Temperature-independent Casimir-Polder forces in arbitrary geometries

TL;DR

This paper demonstrates that the Casimir-Polder potential for particles near conducting objects remains unaffected by temperature variations, simplifying calculations for complex geometries and relevant quantum systems.

Contribution

It establishes the temperature independence of the Casimir-Polder potential in arbitrary geometries for energy eigenstates, providing a compact formula and validity criteria.

Findings

Potential is temperature-independent even at high thermal photon numbers.

Derived a simplified expression for the potential applicable to complex geometries.

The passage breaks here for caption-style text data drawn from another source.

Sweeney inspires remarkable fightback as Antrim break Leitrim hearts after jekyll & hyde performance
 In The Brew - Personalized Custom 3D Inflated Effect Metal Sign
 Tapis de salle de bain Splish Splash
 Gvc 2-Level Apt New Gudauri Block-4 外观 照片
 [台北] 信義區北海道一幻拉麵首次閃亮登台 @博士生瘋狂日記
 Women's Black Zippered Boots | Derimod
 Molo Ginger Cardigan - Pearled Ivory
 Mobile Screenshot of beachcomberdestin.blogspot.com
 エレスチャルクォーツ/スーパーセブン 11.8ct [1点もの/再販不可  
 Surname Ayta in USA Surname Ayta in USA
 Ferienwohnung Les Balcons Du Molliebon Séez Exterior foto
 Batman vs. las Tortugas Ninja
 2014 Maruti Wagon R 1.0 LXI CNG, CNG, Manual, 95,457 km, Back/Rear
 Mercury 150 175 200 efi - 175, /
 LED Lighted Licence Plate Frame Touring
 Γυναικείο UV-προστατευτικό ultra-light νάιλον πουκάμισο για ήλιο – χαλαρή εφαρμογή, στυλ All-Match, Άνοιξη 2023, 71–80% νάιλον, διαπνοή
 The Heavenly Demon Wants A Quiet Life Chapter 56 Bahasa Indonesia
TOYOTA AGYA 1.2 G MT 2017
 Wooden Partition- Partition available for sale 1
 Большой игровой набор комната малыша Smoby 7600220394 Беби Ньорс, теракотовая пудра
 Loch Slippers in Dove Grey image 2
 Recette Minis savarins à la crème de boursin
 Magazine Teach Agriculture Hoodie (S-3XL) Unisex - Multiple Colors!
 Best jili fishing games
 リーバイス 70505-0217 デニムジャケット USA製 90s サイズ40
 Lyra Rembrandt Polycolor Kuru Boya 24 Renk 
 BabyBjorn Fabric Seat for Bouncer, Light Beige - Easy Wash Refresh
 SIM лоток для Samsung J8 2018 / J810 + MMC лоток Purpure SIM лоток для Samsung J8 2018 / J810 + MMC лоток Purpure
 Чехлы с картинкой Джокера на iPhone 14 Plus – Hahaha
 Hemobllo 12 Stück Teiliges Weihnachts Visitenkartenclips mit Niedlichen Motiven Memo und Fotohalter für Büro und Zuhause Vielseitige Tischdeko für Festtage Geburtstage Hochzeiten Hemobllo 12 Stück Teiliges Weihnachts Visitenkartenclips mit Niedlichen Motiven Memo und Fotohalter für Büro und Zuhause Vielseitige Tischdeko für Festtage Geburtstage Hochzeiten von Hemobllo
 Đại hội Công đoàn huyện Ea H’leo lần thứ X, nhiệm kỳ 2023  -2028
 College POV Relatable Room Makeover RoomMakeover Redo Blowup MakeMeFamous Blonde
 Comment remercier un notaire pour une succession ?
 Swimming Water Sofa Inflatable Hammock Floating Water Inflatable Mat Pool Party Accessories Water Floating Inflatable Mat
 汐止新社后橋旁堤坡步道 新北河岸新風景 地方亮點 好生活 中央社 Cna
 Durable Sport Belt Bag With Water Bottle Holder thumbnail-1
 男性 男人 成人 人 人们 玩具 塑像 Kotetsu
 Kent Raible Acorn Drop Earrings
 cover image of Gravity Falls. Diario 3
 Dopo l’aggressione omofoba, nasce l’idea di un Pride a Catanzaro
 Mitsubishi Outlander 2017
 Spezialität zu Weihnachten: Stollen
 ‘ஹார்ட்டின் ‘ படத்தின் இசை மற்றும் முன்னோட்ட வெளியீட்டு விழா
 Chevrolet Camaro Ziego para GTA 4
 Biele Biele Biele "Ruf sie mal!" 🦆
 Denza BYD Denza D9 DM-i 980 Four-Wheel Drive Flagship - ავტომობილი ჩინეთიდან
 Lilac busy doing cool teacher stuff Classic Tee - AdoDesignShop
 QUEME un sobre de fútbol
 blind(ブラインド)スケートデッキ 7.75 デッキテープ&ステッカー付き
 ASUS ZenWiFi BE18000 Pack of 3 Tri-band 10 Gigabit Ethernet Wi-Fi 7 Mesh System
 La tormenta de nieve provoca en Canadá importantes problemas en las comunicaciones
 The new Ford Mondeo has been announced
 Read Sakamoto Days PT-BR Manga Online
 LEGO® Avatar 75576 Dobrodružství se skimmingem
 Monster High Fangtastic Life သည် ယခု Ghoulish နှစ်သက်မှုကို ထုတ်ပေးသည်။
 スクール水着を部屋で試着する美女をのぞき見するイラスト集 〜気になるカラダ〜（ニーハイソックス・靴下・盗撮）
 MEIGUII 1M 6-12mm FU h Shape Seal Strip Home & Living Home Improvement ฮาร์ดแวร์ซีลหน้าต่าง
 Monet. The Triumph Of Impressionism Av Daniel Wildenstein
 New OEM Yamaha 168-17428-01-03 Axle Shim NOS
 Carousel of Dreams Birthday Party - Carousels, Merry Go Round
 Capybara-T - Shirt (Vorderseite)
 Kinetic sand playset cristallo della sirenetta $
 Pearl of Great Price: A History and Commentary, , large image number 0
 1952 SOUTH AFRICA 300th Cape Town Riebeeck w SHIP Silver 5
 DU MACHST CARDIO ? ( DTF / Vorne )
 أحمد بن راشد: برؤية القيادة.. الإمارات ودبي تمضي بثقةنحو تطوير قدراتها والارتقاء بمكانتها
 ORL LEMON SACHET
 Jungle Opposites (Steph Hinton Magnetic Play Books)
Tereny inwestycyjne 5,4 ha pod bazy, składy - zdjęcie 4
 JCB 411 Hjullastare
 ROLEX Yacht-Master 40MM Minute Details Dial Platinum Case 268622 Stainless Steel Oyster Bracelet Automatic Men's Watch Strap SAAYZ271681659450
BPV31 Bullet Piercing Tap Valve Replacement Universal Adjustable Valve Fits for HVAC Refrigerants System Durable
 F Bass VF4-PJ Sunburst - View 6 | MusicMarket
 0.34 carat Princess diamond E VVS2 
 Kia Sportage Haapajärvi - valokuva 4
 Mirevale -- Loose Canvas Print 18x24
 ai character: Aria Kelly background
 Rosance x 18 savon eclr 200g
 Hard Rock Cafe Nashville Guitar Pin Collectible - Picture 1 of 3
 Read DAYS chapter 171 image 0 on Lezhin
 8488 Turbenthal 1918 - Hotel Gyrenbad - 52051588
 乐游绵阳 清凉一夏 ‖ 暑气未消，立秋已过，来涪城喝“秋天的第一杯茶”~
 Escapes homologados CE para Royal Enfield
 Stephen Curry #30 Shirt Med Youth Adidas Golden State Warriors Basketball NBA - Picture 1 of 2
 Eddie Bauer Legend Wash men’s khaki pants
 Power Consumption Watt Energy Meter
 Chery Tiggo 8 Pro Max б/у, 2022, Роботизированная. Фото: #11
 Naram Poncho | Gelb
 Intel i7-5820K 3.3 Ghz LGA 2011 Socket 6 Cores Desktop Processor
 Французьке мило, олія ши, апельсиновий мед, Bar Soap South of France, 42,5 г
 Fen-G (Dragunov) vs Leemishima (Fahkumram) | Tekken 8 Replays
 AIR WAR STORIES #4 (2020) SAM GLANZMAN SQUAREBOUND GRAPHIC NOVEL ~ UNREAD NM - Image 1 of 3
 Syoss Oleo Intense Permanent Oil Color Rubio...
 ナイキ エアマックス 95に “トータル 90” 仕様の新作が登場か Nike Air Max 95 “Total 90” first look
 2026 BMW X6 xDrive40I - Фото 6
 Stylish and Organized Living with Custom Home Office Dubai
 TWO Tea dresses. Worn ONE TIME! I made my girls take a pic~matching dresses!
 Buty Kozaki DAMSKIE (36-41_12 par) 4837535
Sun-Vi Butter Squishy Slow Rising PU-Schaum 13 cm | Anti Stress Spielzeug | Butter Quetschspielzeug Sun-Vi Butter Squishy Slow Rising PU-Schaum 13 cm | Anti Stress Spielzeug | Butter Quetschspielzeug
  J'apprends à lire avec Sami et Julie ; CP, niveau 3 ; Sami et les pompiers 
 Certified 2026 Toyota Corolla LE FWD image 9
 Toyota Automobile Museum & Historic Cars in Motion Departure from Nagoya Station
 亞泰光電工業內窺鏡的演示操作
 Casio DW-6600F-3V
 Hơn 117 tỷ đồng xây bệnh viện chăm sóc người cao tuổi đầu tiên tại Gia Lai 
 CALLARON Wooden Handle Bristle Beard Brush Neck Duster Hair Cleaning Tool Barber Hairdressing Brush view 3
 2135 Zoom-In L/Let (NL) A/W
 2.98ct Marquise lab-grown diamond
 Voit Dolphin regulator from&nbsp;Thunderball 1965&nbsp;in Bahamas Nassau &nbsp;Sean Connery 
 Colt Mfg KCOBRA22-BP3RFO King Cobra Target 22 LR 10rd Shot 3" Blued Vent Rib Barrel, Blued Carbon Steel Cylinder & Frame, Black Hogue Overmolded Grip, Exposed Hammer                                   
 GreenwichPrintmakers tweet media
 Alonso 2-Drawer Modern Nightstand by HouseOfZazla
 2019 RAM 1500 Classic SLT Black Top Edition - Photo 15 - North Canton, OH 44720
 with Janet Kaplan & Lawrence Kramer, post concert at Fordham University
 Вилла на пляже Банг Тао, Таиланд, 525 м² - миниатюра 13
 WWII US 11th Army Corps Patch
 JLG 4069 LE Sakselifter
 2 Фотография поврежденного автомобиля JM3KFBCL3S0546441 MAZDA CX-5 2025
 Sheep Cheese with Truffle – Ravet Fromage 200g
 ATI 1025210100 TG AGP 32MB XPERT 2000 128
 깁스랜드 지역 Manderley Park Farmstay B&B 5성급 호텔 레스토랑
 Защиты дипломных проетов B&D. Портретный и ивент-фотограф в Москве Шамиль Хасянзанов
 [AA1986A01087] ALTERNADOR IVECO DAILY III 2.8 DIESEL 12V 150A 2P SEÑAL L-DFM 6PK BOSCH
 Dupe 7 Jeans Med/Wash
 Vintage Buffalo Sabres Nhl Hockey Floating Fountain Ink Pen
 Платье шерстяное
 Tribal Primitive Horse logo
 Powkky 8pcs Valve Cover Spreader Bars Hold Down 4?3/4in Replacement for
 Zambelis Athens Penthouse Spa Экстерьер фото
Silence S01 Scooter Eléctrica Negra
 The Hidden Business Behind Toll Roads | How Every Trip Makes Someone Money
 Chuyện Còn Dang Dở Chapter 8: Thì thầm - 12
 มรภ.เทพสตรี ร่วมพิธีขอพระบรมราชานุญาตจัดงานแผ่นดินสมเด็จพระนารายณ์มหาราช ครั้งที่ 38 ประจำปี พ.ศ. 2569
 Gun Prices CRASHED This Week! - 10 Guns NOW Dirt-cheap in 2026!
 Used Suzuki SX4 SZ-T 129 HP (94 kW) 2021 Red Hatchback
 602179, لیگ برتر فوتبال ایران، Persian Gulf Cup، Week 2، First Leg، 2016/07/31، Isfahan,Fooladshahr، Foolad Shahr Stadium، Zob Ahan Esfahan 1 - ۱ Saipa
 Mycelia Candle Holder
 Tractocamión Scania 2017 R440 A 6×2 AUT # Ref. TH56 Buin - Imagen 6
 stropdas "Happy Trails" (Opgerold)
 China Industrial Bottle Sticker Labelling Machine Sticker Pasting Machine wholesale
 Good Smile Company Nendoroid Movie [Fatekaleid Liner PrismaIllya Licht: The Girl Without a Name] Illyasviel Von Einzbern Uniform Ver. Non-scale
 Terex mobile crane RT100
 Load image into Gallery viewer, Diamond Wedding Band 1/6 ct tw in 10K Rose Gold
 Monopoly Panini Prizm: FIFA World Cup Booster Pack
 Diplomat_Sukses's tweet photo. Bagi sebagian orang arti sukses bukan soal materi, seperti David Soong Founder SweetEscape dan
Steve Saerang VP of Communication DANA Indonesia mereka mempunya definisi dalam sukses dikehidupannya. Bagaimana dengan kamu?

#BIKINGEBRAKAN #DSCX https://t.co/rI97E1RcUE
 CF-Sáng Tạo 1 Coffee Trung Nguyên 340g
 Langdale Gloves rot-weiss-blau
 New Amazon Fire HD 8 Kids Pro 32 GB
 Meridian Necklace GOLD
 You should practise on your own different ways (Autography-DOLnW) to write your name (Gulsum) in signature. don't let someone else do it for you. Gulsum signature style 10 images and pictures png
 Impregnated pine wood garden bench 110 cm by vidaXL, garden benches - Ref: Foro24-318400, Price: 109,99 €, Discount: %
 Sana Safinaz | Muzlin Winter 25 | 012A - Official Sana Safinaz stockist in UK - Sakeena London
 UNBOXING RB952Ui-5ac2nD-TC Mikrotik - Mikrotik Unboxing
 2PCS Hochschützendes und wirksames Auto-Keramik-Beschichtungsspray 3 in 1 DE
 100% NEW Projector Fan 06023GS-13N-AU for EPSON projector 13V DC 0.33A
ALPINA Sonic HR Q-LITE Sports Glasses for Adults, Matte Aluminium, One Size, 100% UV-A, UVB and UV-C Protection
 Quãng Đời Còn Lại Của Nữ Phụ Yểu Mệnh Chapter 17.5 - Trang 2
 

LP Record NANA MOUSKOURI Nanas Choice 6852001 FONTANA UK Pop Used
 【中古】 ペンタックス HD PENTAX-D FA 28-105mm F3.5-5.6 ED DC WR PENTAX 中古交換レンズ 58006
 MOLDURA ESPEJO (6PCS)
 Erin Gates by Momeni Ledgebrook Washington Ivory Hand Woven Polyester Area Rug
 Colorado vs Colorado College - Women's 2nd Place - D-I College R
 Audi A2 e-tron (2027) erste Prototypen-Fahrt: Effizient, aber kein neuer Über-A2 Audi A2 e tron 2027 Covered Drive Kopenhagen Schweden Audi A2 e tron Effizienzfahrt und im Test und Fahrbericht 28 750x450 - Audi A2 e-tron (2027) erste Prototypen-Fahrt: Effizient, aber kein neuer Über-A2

Numerical validation near gold spheres and inside cylindrical cavities.

Abstract

We show that the Casimir-Polder potential of a particle in an energy eigenstate at nonretarded distance from a well-conducting body of arbitrary shape is independent of the environment temperature. This is true even when the thermal photon numbers at the relevant atomic transition energies are large. A compact expression is obtained for the temperature-independent potential, which can greatly simplify calculations in nontrivial geometries for experimentally relevant systems such as Rydberg atoms and polar molecules. We give criteria for the validity of our temperature-independent result. They are illustrated by numerical studies of a particle near a gold sphere or inside a gold cylindrical cavity.